Kraft’s net earnings for the first quarter ended March 28 were $429 million, equal to 73 cents per share on the common stock, which compared with $513 million, or 86 cents per share, in the prior-year period. Excluding market-based impacts to post-employment plans, unrealized gains from hedging activities, spending on cost-savings initiatives and costs related to the proposed merger with H.J. Heinz, Kraft said its earnings per share grew at a high single-digit rate over the first quarter of fiscal 2014.
Net revenues for the quarter slipped 0.2 percent to $4,352 million from $4,362 million the year before, reflecting a negative impact from currency. The company said organic net revenues grew 1.1 percent.
“Our first-quarter results reflected a solid start to 2015,” said John Cahill, chairman and CEO. “We’ve stepped up our focus on execution, our pricing actions over the past year are coming through, and we’re benefiting from a disciplined approach to marketing.

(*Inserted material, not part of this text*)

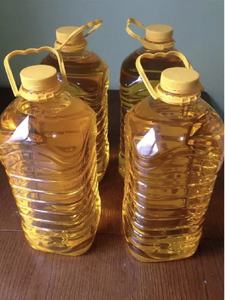 Huile de tournesol en vrac personnalisable 20 L Huile de tournesol de haute qualité Huile de tournesol raffinée Huile végétale comestible Vente en gros directe - Product Image 5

There is clearly more work ahead of us, but we will continue to build on this momentum to delight our consumers and customers, and prepare us for the next chapter ahead.”
For the Refrigerated Meals segment, net revenues climbed 2 percent to $833 million as a result of higher pricing taken in previous quarters in cold cuts and hot dogs, which was partially offset by unfavorable volume/mix. The volume loss related to price increases more than offset timing gains of Easter-related shipments, particularly in bacon, the company noted. Operating income grew 1 percent to $97 million, tempered by higher spending on cost savings initiatives.
Net revenues in Canada declined nearly 11 percent to $382 million, and operating income decreased 6 percent to $62 million on unfavorable currency exchange.
Kraft’s Other Businesses segment sustained a 0.7 percent decline in net revenues to $434 million and a nearly 19 percent decline in operating income to $48 million, reflecting lower net pricing and investments to grow the exports business that more than offset favorable volume/mix.
In March, Kraft entered into an agreement with Pittsburgh-based H.J. Heinz Co. to merge the two companies. Once the transaction is complete, the Kraft Heinz Co. will be the third largest food company in North America with estimated sales of $28 billion. Together the new company will have eight brands with sales in excess of $1 billion and five brands with sales between $500 million and $1 billion. The deal is expected to close in the second half of 2015.